AV - do you know something we dont about Riggott & Davies as without warning you just had them pop up with a goal each against us whilst playing for Derby!!!!

Also, you all talk about the Yak leaving as we would have 5 forwards including the mystery world class forward (him, Yak, Lee DG, Tuncay & Alidiare) yet in all your team selections you are playing Alidiare on the right wing. If you do that and the Yak goes that will only leave 3 forwards.

Id keep Yak anyway as think we need to be careful as if we bring someone in who hasnt played in prem it would mean that with the Yak gone, we could possibly have 4 forwards without a premiership goal between them.

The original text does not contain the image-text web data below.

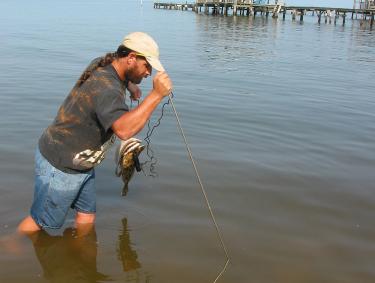 Jubilee Fishing Phenomenon Mobile Bay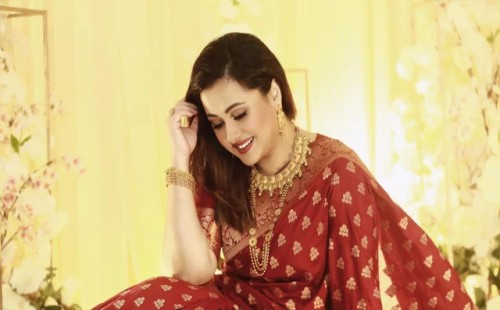 সেন্সর বোর্ডে স্থান পেলেন পূর্ণিমা 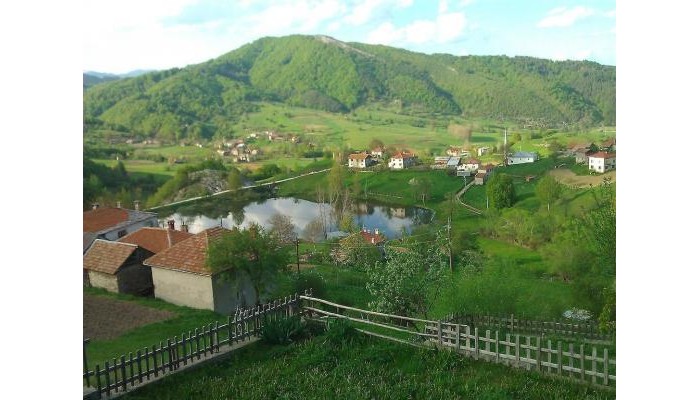 Hotel Chitakovata House Guest House poza 3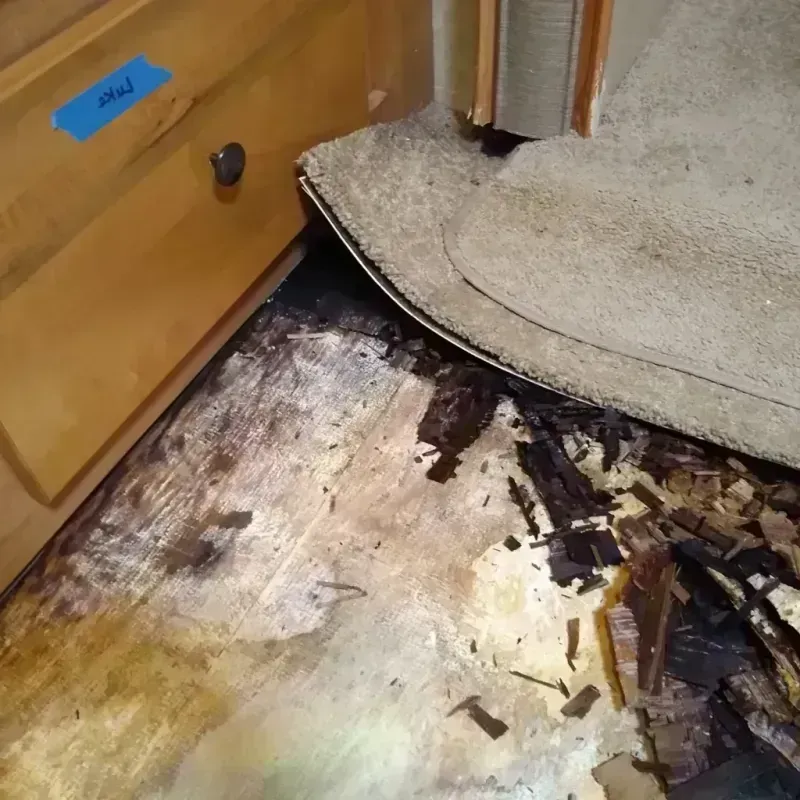 Wood Floor Water Damage in Oxford, MI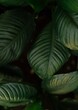 Tropical Background Green Leaf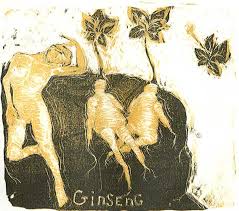 Ginseng- Panax quinquefolia
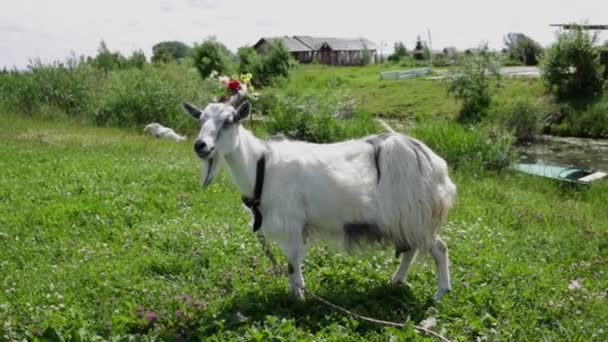 Смішні Коза з вінок на голові пасеться в полі жувальної на траві — стокове відео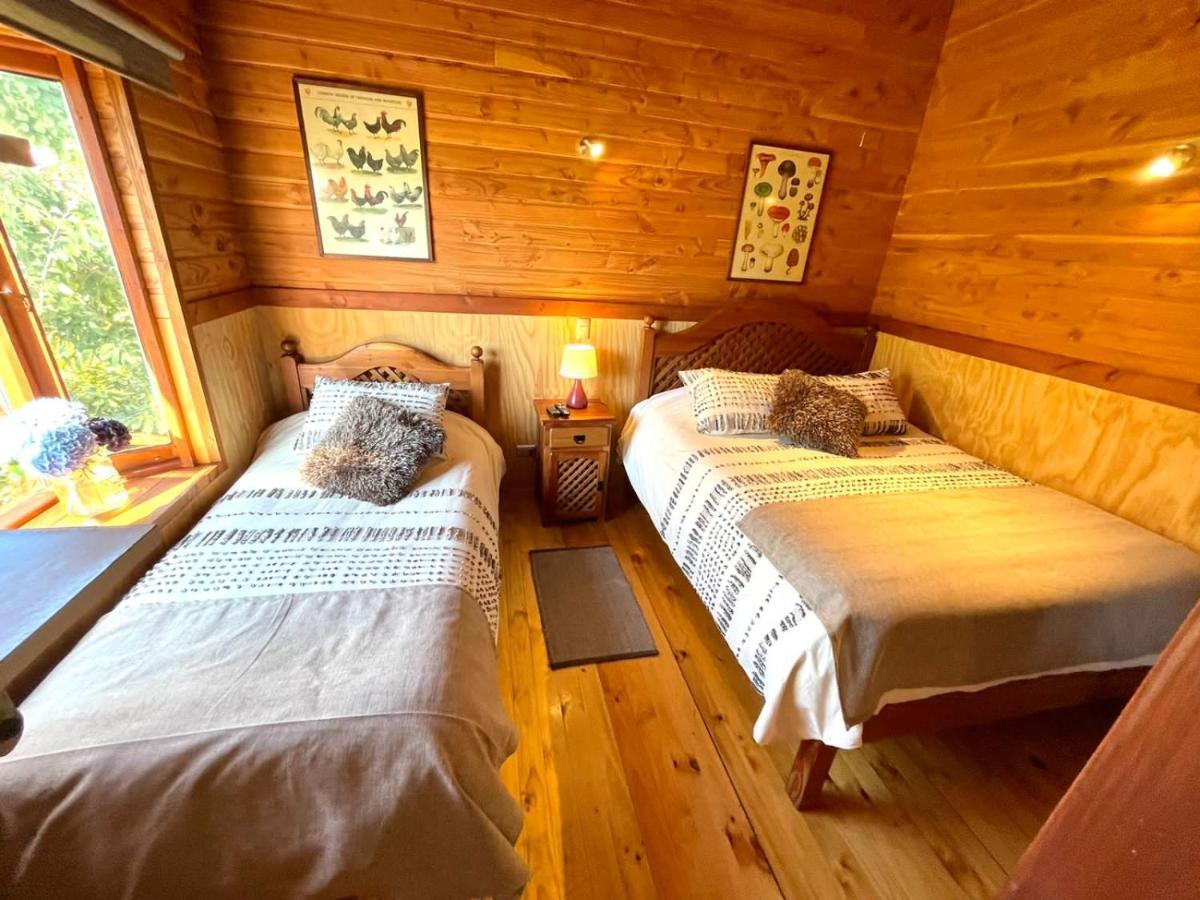 Hostal Pucon Sur Bagian luar foto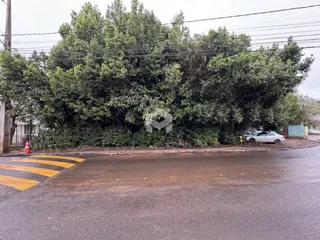 Vista da propriedade com vegetação densa ao longo da rua.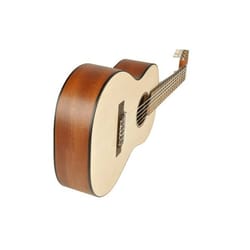 Salvador Cortez TC-460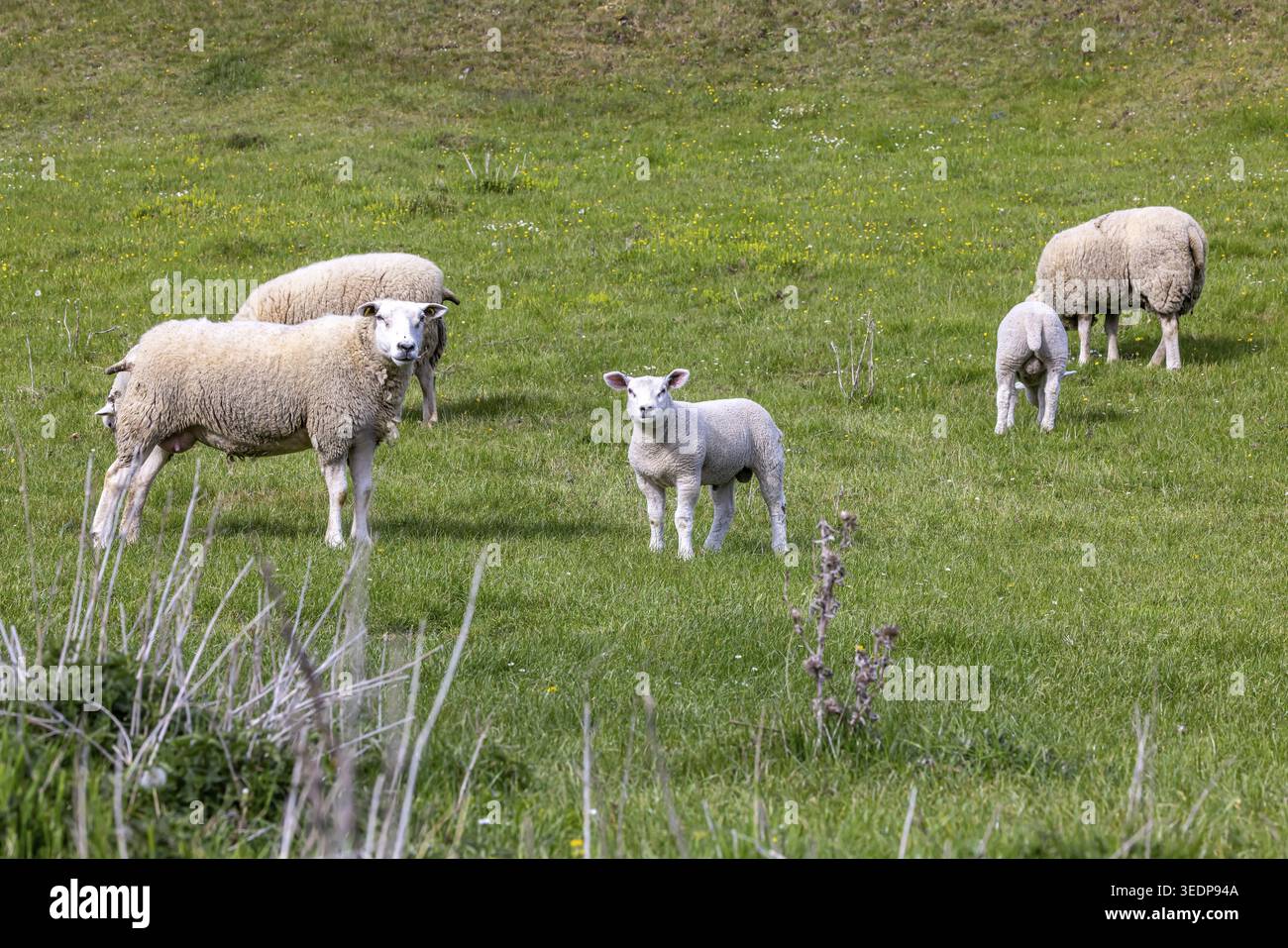 Moutons et agneaux paissent dans un pré. Paysage du Jura souabe. Gomadingen, Bade-Wuertemberg, Allemagne Banque D'Images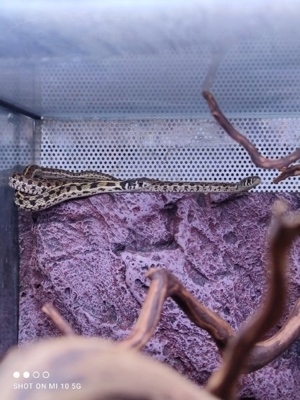 Strumpfbandnatter Thammnophis marcianus het. albino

Whilst the club are rebranding, I like the white band and id have kept it, ppl call dropping this a marketing own goal, i dont, i call making the club shirts only available to buy at the stadium and the only club shop in boro centre (bout what 2-3 miles away from each other if that) the biggest own goal they have made.

Fair enough sports shops selling them take a cut for selling them but surely we would stil sell more shirts this way and make more money from them.

Also by making them more available to buy, boom, they are now official shirts for sale in places like huh i dont no, o yeah thats it... korea china etc.

If Lee DG is as big as its claimed in his home country then shirt sales would sore there as they would in turkey with Tuncay's name on the back.

Final thought, i think we need a shake up of squad numbers this season as i hate seeing the no 8 on woodgates bk as he is a defender not midfield, no 7 is an attacking number for me so that should be for a forward or winger and the no 10 shirt is also to good a no to be worn by rocky. If it were my choice, id give the no's 1 - 11 to my starting line up that is 1st choice, the no's 12-16 to my 1st choice subs then the rest can take their pick and fight for a 1st 11 no for nxt season.

e.g. with current players we have mine would be like this:

1. Schwarzer
2. McMahon
3. Taylor
4. Arca
5. Pogetetz
6. Woodgate
7. Morrison
8. Boateng
9. Yakubu
10.Tuncay
11.Downing

Ppl keep saying we need a right back, Tony McMahon is the man for the job for me, save some money and keep him fit. Poggi is in due to this seasons form although i really rate Riggott. Huth is a waste of a medical bed at min as he was injuried when signed and not been fit since. Ive put Morrison on the right for balance although i think Johnson could do the job really well for us out there.